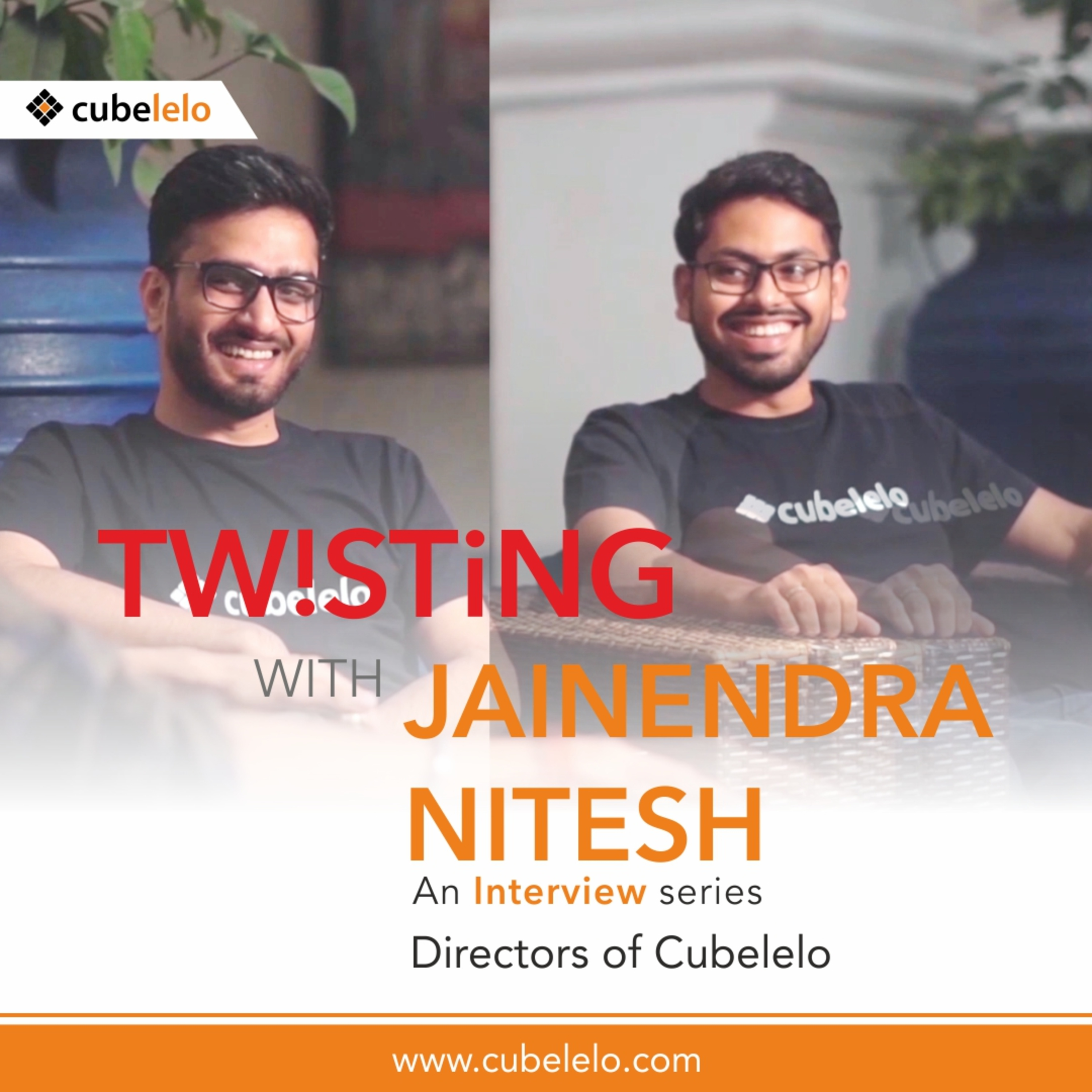 Twisting With Cubers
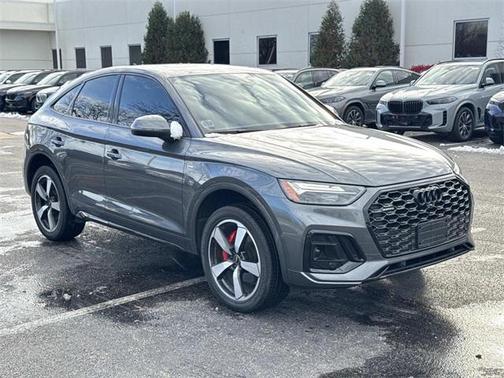 2024 Audi Q5 45 S line Premium Plus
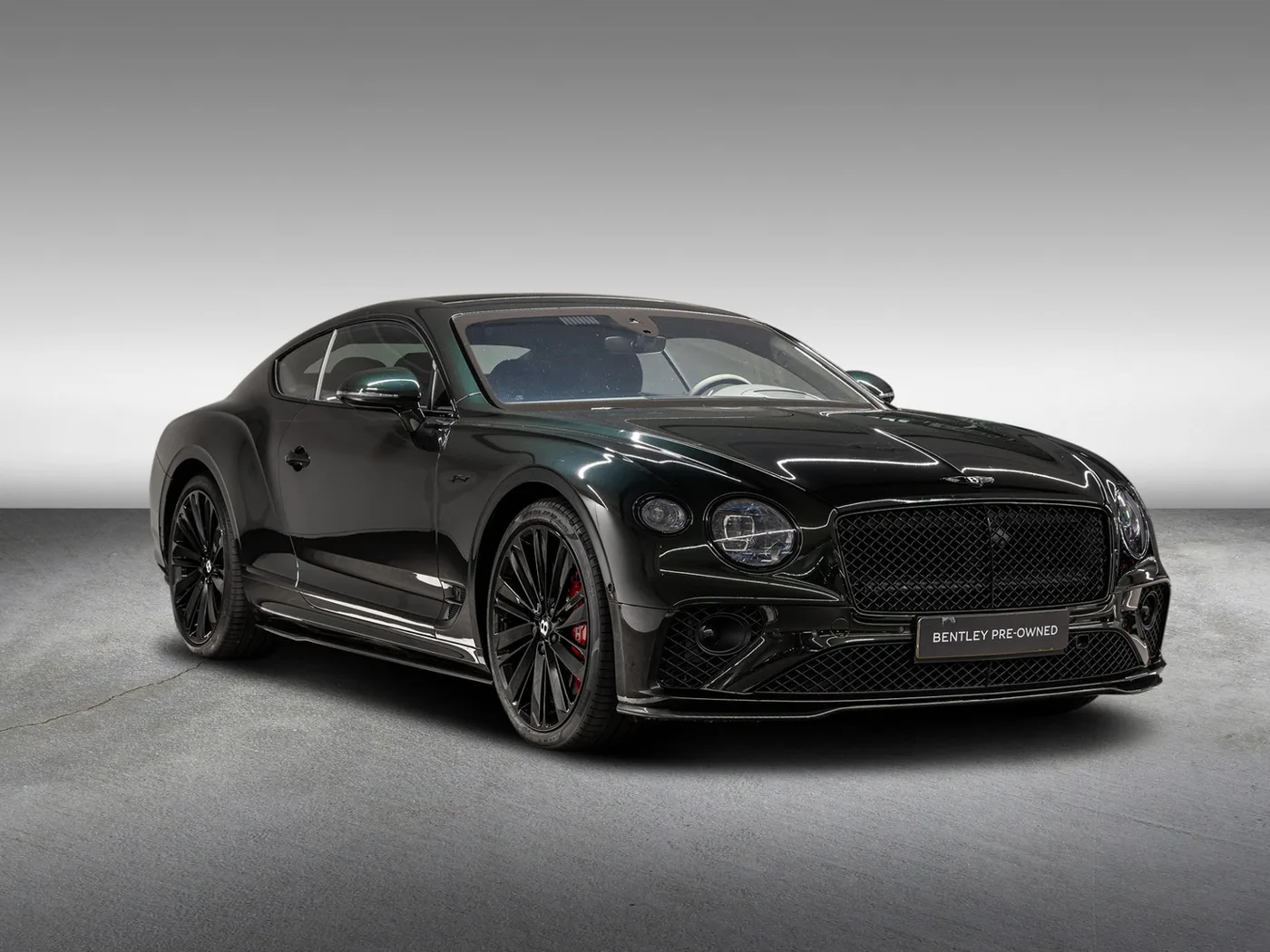 2023 Bentley Continental GT Speed proposée par un concessionnaire agréé Bentley à Leusden, Pays-Bas, photo 3 sur 25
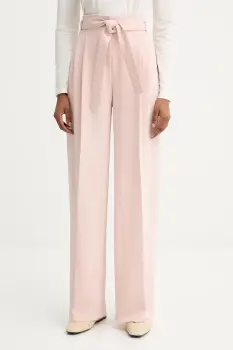 BOSS pantaloni Tapiana imagine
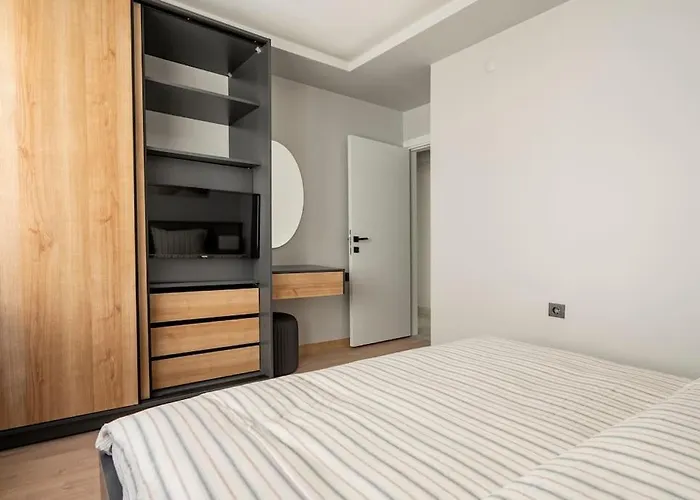 Apartmán Tomtom House Centre Location Istanbulská provincie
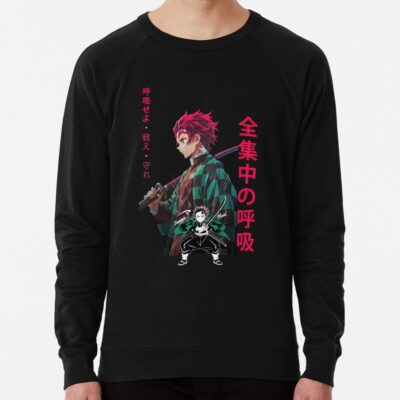 Tanjiro Demon Slayer Sweatshirt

■ ■ ■

● **What this task involves**: For this exercise, write the listing out again exactly, excluding all images.

● **The answer**:
 Twisting With Cubers
 2024 Audi Q5 45 S line Premium Plus
 2023 Bentley Continental GT Speed proposée par un concessionnaire agréé Bentley à Leusden, Pays-Bas, photo 3 sur 25
 BOSS pantaloni Tapiana imagine
 Apartmán Tomtom House Centre Location Istanbulská provincie
 Tanjiro Demon Slayer Sweatshirt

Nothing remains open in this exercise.